The U.S. dollar traded slightly higher against major peer currencies on Thursday, including the Japanese yen, as investors waited for Friday’s key nonfarm payrolls report. The data is expected to provide fresh clues on the strength of the U.S. labor market and the likely direction of interest rates.
Figures released on Thursday showed that new applications for U.S. unemployment benefits rose moderately last week, pointing to still contained layoffs. Earlier data from the Labor Department also showed job openings falling more than expected in November, while hiring activity eased.
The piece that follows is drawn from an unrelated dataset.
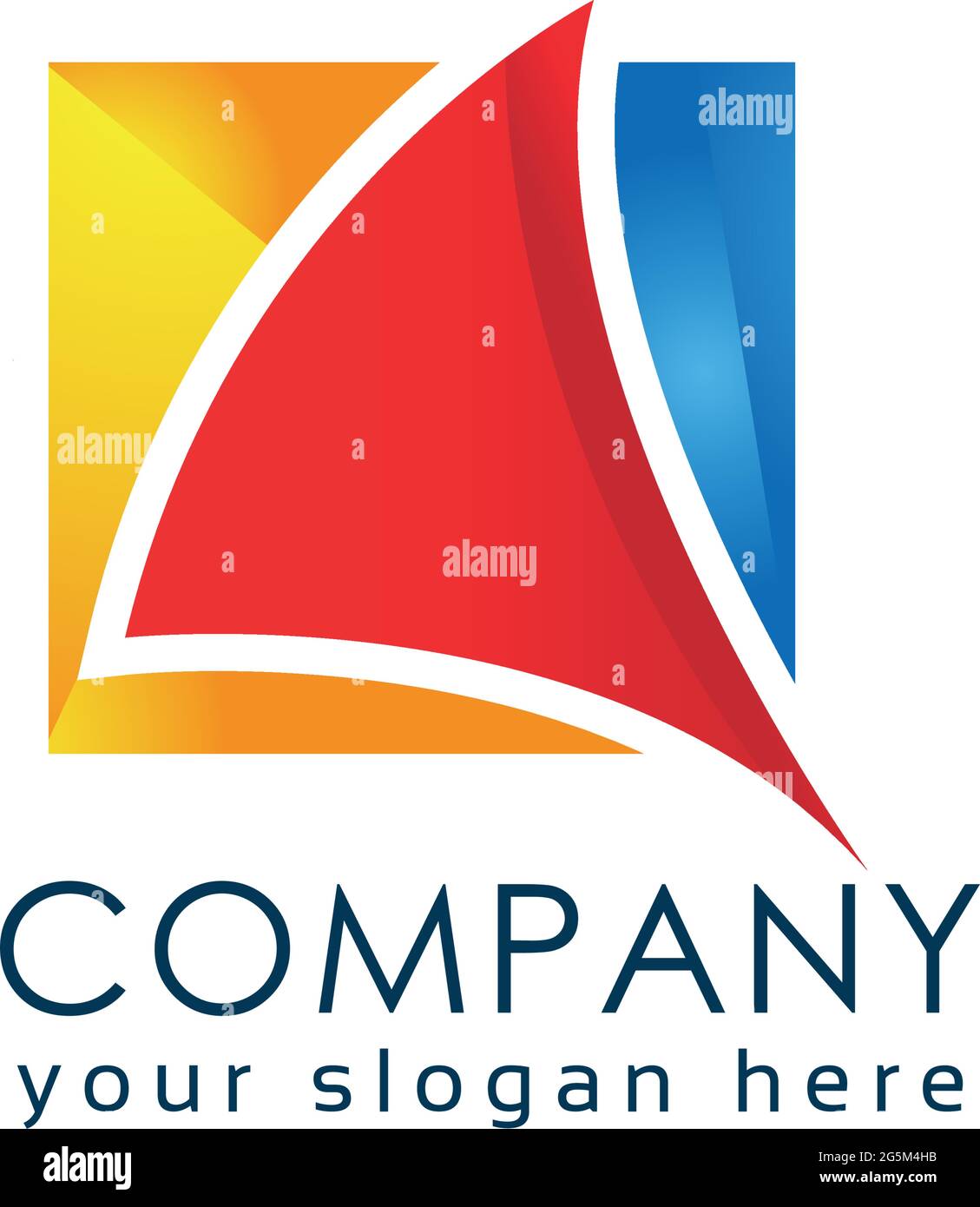 Colorful ship logo template, Vector illustration on white background. Stock Vector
Fed outlook keeps markets cautious
According to Marvin Loh, senior global market strategist at State Street, investors are looking for clearer signals on the economy’s direction. He noted that market consensus still expects the dollar to weaken over time, given expectations of further interest rate cuts by the Federal Reserve.
The dollar rose 0.12% against the Japanese yen to 156.925. The dollar index, which tracks the greenback against six major currencies, gained 0.08% to 98.802, its highest level since mid-December.
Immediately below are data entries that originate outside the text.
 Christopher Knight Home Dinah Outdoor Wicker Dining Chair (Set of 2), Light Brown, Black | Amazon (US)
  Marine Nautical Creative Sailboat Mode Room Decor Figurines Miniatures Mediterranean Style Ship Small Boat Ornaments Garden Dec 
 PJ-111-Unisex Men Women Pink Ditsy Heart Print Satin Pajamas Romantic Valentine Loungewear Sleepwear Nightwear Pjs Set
Markets are currently pricing in at least two interest rate cuts by the Federal Reserve this year, even though Fed officials indicated in December that only one cut may occur in 2026. The central bank is widely expected to hold rates steady at its meeting later this month. Jerome Powell’s term as Fed chair ends in May.
Loh added that currency markets may remain range-bound until there is greater clarity on whether the Fed will resume easing and whether it will move more aggressively once new leadership is in place.
Political risks and debt concerns
The dollar could face pressure if the U.S. Supreme Court rules against tariffs imposed by President Donald Trump, potentially forcing refunds to importers. Trump also said on Wednesday that the 2027 U.S. military budget should reach $1.5 trillion, raising concerns about rising public debt and increased risk premiums on U.S. assets.
Euro weakens on inflation and geopolitics
In Europe, softer inflation data pushed the euro lower and sent German Bund yields to a one-month low. The euro fell 0.09% to $1.1665, extending losses from the previous two sessions.
Societe Generale strategist Olivier Korber said subdued inflation reinforced dovish sentiment, while tensions linked to Greenland highlighted Europe’s vulnerability, potentially triggering further euro selling.
U.S. Secretary of State Marco Rubio said President Trump retained the option of pursuing control of Greenland by military means, prompting concern among European allies including France and Germany.
Elsewhere, the dollar gained 0.06% against the Swiss franc to 0.798. The Australian dollar slipped 0.38% to $0.66945, while the Chinese yuan strengthened 0.15% to 6.984 per dollar.